MHP milletvekillerinin CHP’nin önceki Genel Başkanı Kemal Kılıçdaroğlu’na siyaset yasağına da yol açacak türden suç duyurusu üzerine dava açıldığı haberi tam da CHP’de 8 Eylül’deki tüzük kurultayına doğru tartışmaların arttığı günlerde çıktı. CHP Genel Başkanı Özgür Özel “önce cesedimi çiğnemeniz lazım” demiş. Uyumakta olan bir dava dosyanın CHP Kurultay tarihi kesinleştikten sonra uyandırılmasındaki zamanlama dikkat çekiyor.

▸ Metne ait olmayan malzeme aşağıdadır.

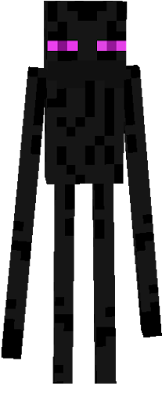 The Enderman Knight (Minecraft skin) by EvoliGirl11Drawing on DeviantArt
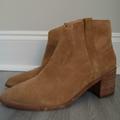 Madewell Shoes | ! Madewell $210 The Lonnie Boot In Suede F8674 | Color: Brown | Size: 8.5
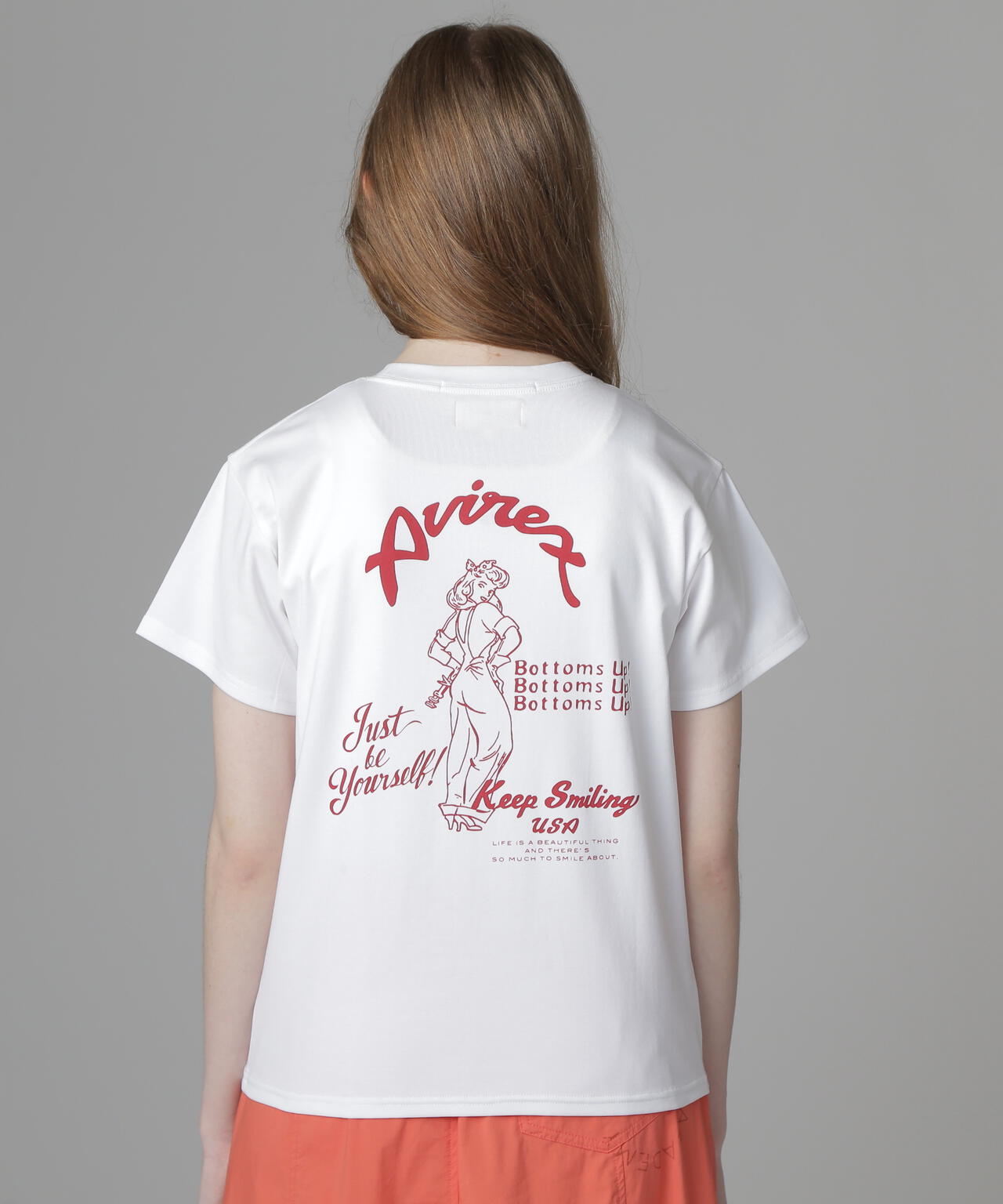 《WOMAN》PINUP GIRL T-SHIRT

Suç duyurusu 2022 yılından. Altında MHP’nin üç ağır topunun imzası var. Sinan Ateş cinayeti davası nedeniyle suçlamalara hedef olan İzzet Ulvi Yönter, HDP kapatma davası altında da imzası bulunan Feti Yıldız ve İsmail Faruk Aksu. Gerekçesi “suç ve suçluyu övmek”. Ayrıntılarını Gerçek Gündem’de Seyhan Avşar’ın haberinden okuyabilirsiniz ama temel gerekçe Kılıçdaroğlu’nun Selahattin Demirtaş’ın haksız yere hapiste tutulmasına karşı çıkışları. Kılıçdaroğlu’nun milletvekili dokunulmazlığı nedeniyle yeniden başlatılmış. Duruşma 3 Aralık’ta başlayacak. 2,5 ila 3,5 yıl hapis cezası öngörülüyor; siyaset yasağı cezaya bağlı olacak.

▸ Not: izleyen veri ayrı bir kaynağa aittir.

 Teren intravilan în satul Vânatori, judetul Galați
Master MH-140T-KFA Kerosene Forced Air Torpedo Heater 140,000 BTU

İBB Başkanı Ekrem İmamoğlu’na açılan hakaret davasında ve Canan Kaftancıoğlu’na verilen cezada da görmüştük; yargı kararlarıyla siyaset yasağı muhalefet üzerinde ağır bir baskı unsuruna dönüşüyor.

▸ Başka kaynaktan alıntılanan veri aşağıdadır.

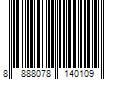 Barcode Image for UPC code 8888078140109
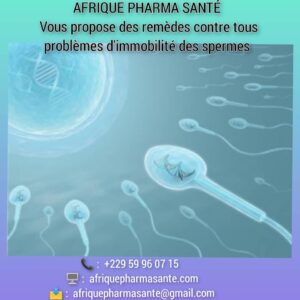 Traitement Naturel pour guérir la Leucospermie et l’Arthenospermie définitivement Zoome sur la Leucospermie et l’Arthénospermie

Dava Kılıçdaroğlu’na, hedef CHP

Şimdi hedefte Kılıçdaroğlu var ama asıl hedefin CHP olduğu açık. MHP lideri Devlet Bahçeli’nin Malazgirt mesajında, daha önce milli güvenlik tehdidi” gördüğü Cumhuriyetin kurucu partisini Cumhuriyet için “yüksek düzeyli tehdit” ilan etmesinden anlaşılıyor zaten.

Kılıçdaroğlu’nun T24’te Murat Sabuncu’nun sorusunu “Siyasetten çıkış yoktur”  diye yanıtlamasından birkaç gün sonra siyaset yasağı getirebilecek dava dosyası canlandırılıyor. İsteyen tesadüf sayabilir.

CHP’nin önceki liderine ister Kurultay önce zamanlamasıyla ister başka bir zaman, siyasi beyanları üzerinden yasak getirilmeye çalışılması her durumda yanlıştır, savunulacak, demokrasiyle, vicdanla izah edilecek bir yanı yoktur.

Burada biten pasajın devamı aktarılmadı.